Initially, she gave her art away to friends and people who stopped by to view it at her Palm Loft apartment, a section of housing in Carpinteria dedicated to artists. Thompson credits Barnaby Draper and his partner Ashley Farrell for her second career as an artist. “When they opened up Santa Barbara Hives in Carpinteria last year, I stopped by to say they needed to have some seaweed art,” she says. “After a studio visit, Draper took 16 finished works to his hive for display and purchase. I had no idea it would be an art I could sell and be viewed as an artist. My father is the artist, and I come from a family of creative people. When I showed my dad my seaweed art, he said he was impressed. I always felt I had a creative side and now I found my niche.”

My Interpretation:

There are many fine art artists working with seaweed such as Josie Iselin in San Francisco whose focus is science x art, showcasing the elemental and environmental qualities of it. She first scans it, and then digitally creates images of the seaweed printed on fine art paper, and authors books on it. And East Coast seaweed artist Corinna Kaufman, whose first collector of her seaweed art on greeting cards when she was only 15 was renowned photographer Alfred Eisenstaedt.

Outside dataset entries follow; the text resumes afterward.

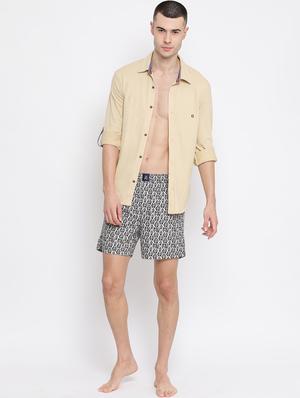 grey printed boxer - 17280092 - Standard Image - 4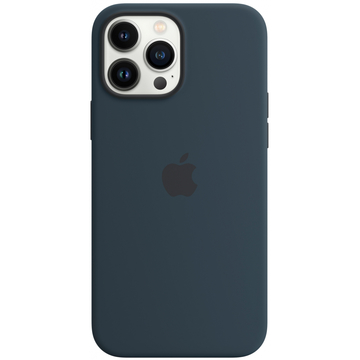 Чехол-накладка iPhone 13 Pro Max Silicone Case with MagSafe Abyss Blue Model A2708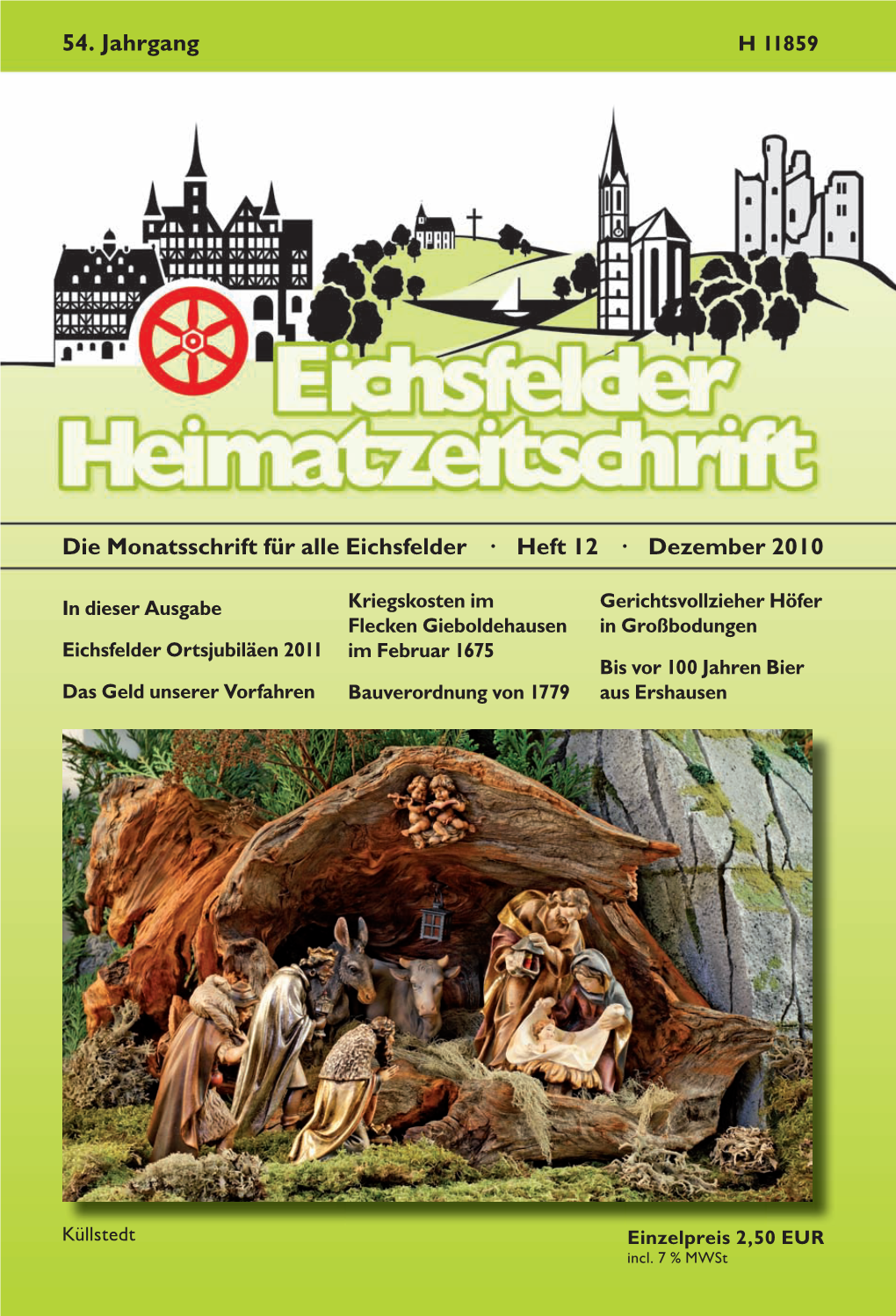 Die Monatsschrift Für Alle Eichsfelder · Heft 12 · Dezember 2010 54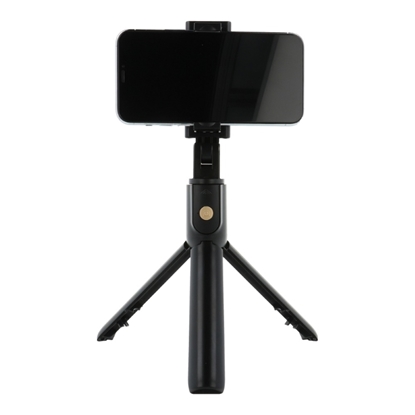 Picture of CP K07 2in1 Selfie Stick & Video WEB Call Table Tripod ar bezvadu slēgšanas pogu pagarinājums līdz 70cm Melns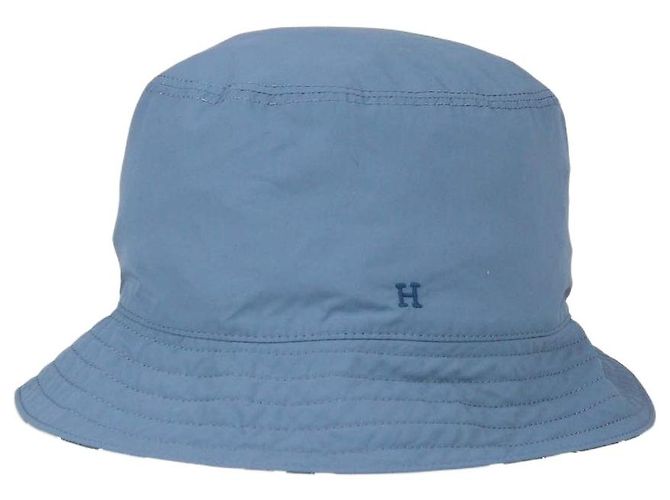 Hermès Cappello bucket Hermes Eden in nylon blu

Like Kaufman, Thompson uses the seaweed itself as the art, on a solid white watercolor paper, one piece of seaweed per paper. Her use of watercolor paper connects to the water element from which it comes. Each piece of seaweed on paper is carefully laid out in a natural way that displays its fiber and transparency, its roots, stems, and leaves – aka stipe, holdfast, and fronds, along with its natural color. The work is surrounded by elaborate matting and framing from modern to gold filigree. She is working in a range of sizes from 3×4” to 11×14”.

What would lend to the value of her seaweed art is to have the scientific and common name of each type of seaweed in the work, either on the front or back of the piece. One notes how its beauty comes around once removed from the beach fleas, pestilence, and odors usually surrounding it.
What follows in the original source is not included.